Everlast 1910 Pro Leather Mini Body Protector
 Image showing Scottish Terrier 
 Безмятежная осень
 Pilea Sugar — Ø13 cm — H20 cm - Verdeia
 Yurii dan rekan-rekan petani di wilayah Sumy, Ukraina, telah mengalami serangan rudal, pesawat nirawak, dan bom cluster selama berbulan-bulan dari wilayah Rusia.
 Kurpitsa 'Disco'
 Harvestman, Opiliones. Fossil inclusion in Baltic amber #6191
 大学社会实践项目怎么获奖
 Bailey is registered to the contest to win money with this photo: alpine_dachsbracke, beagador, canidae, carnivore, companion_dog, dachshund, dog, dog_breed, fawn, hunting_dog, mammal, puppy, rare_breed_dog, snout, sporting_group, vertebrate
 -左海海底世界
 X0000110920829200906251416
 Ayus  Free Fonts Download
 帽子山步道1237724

######

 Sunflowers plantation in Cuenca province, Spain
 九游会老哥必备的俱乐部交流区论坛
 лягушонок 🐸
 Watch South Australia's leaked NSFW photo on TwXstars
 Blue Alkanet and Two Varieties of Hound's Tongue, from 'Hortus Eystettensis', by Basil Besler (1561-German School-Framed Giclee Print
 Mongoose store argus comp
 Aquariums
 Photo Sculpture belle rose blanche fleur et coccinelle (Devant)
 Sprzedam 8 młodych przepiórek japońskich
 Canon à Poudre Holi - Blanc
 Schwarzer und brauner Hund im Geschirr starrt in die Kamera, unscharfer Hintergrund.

######

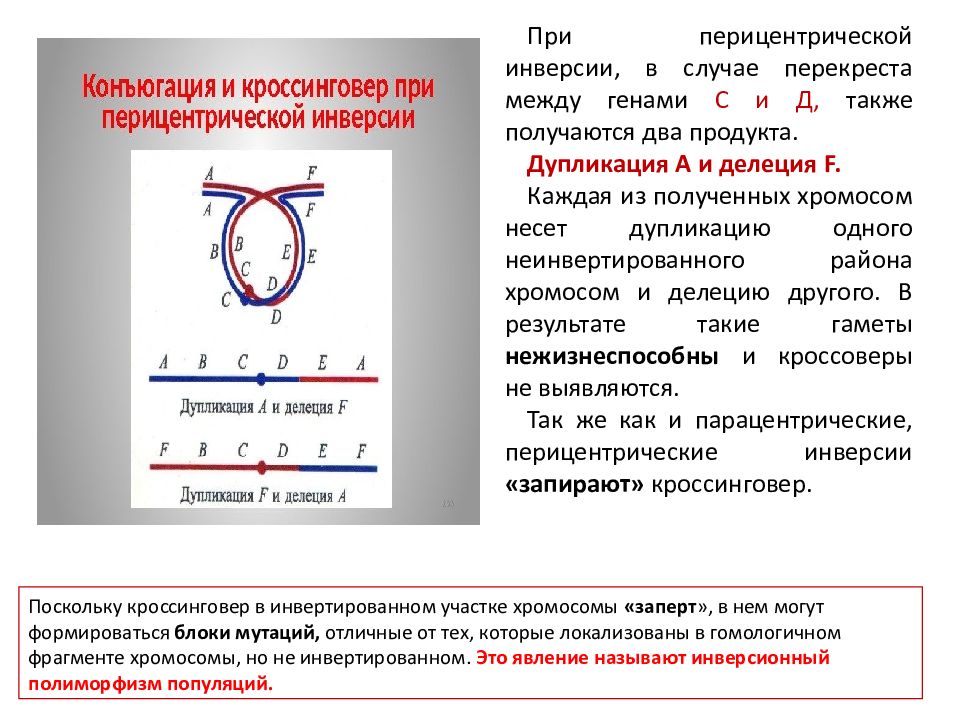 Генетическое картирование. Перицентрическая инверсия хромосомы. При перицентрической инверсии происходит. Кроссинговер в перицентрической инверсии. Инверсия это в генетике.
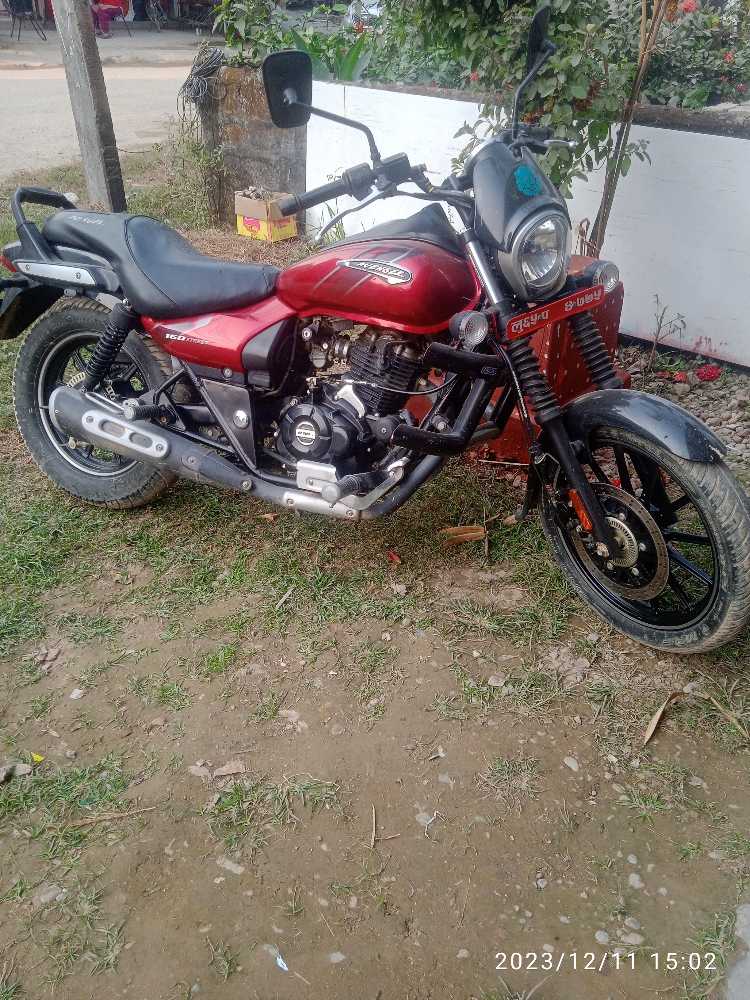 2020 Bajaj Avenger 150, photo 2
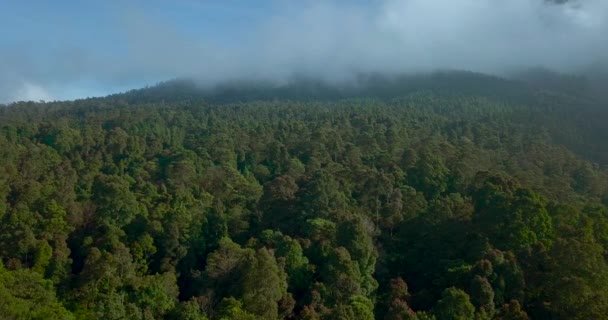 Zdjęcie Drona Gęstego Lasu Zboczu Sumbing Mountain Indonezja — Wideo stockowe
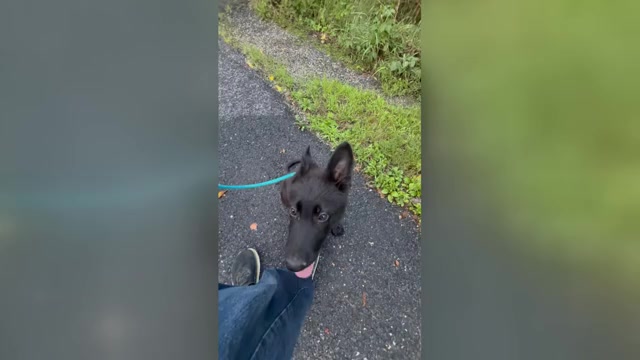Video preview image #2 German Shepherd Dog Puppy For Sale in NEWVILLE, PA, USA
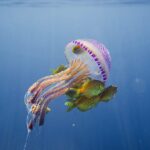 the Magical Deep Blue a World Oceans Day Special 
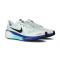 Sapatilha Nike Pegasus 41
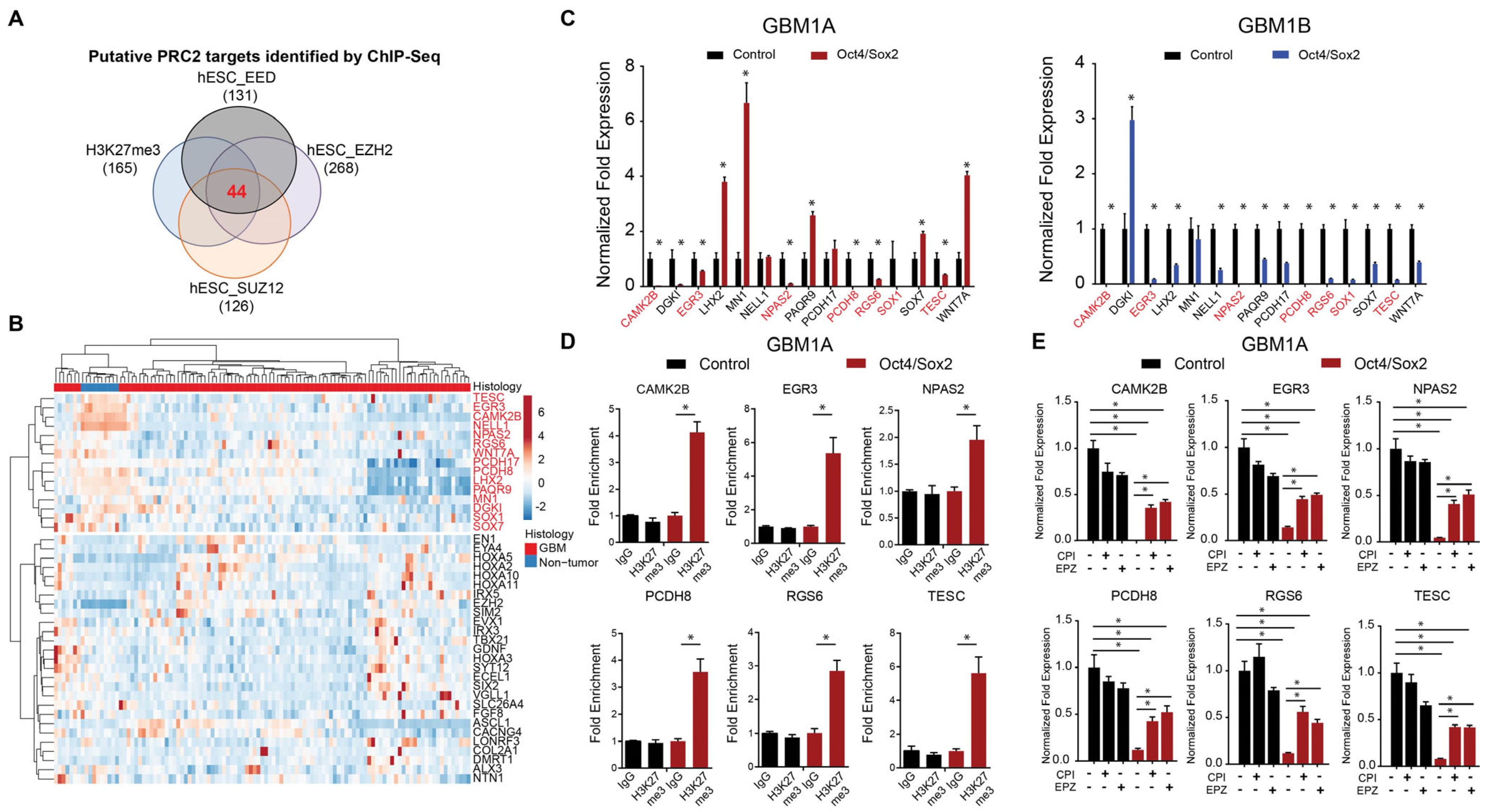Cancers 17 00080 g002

######

● **Task details**: In the listing above, locate the line containing "Everlast 1910 Pro Leather Mini Body Protector" and the line containing "Pilea Sugar — Ø13 cm — H20 cm - Verdeia". Extract those two lines and every line between them, exactly as written, and only those.

● **Your solution**:
Everlast 1910 Pro Leather Mini Body Protector
 Image showing Scottish Terrier 
 Безмятежная осень
 Pilea Sugar — Ø13 cm — H20 cm - Verdeia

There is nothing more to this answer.